• The task
Copy out the data that comes next, character for character, and leave the images aside.

• Data excerpts
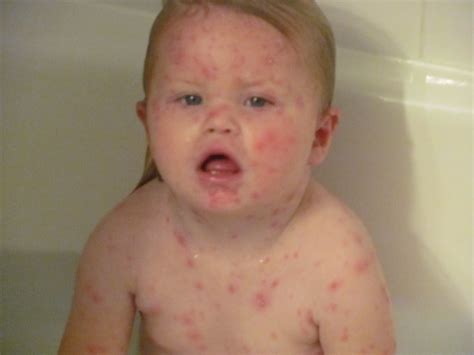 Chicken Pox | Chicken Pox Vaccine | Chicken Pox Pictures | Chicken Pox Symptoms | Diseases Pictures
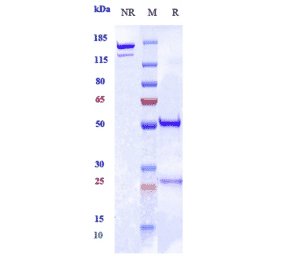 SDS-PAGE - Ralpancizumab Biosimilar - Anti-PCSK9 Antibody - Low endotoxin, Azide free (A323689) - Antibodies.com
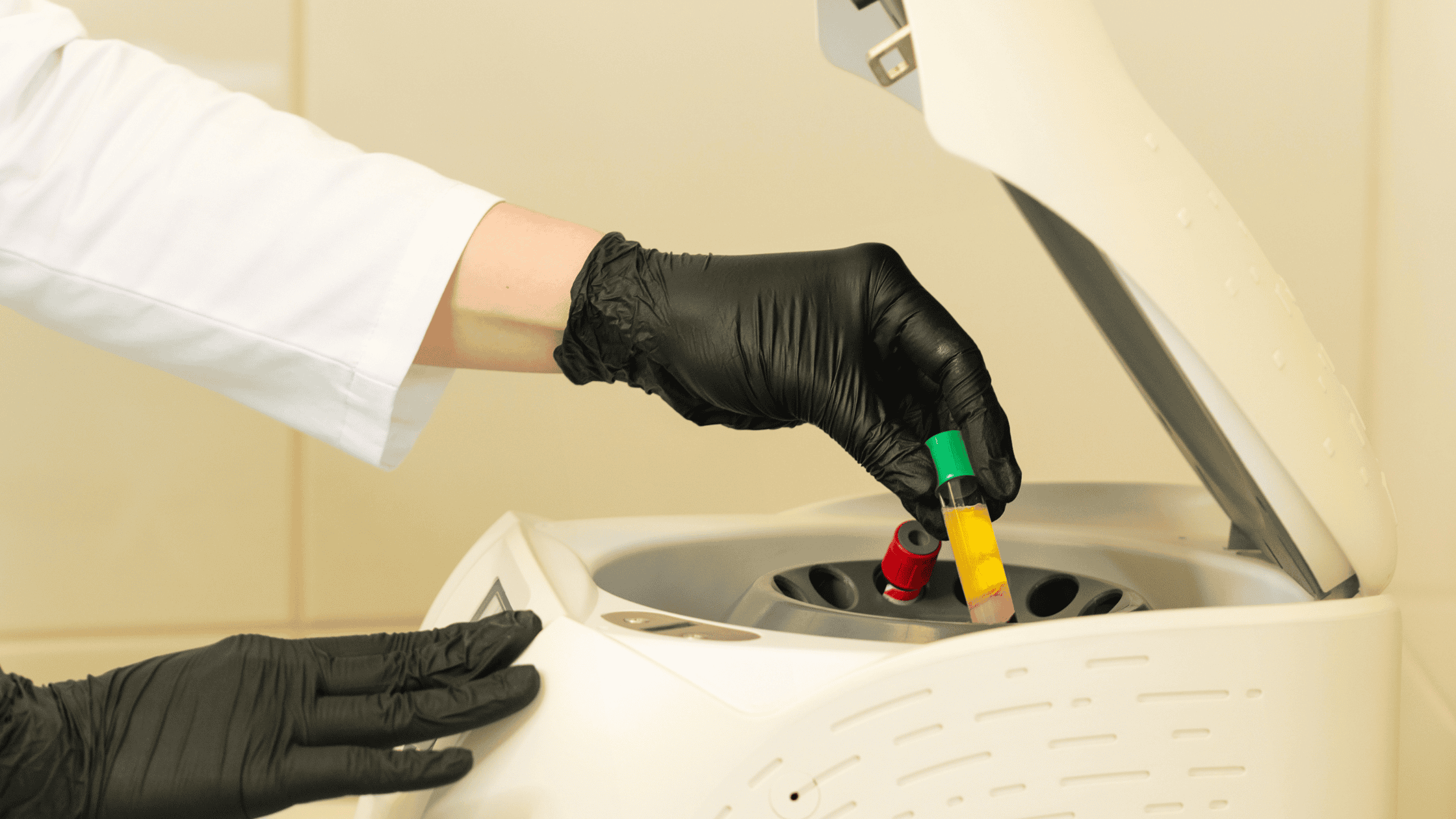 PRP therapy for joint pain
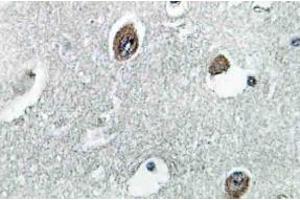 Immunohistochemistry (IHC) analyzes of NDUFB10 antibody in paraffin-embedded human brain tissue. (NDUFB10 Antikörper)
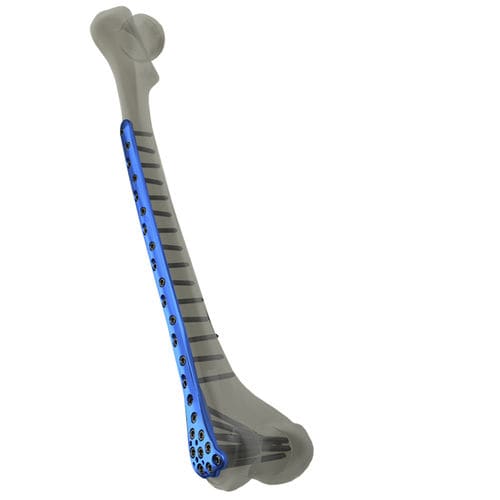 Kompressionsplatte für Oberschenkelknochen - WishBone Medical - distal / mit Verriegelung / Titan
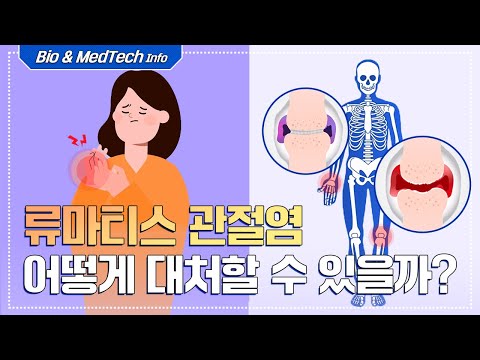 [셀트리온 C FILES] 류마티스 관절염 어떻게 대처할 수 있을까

• Answer area
 Chicken Pox | Chicken Pox Vaccine | Chicken Pox Pictures | Chicken Pox Symptoms | Diseases Pictures
 SDS-PAGE - Ralpancizumab Biosimilar - Anti-PCSK9 Antibody - Low endotoxin, Azide free (A323689) - Antibodies.com
 PRP therapy for joint pain
 Immunohistochemistry (IHC) analyzes of NDUFB10 antibody in paraffin-embedded human brain tissue. (NDUFB10 Antikörper)
 Kompressionsplatte für Oberschenkelknochen - WishBone Medical - distal / mit Verriegelung / Titan
 [셀트리온 C FILES] 류마티스 관절염 어떻게 대처할 수 있을까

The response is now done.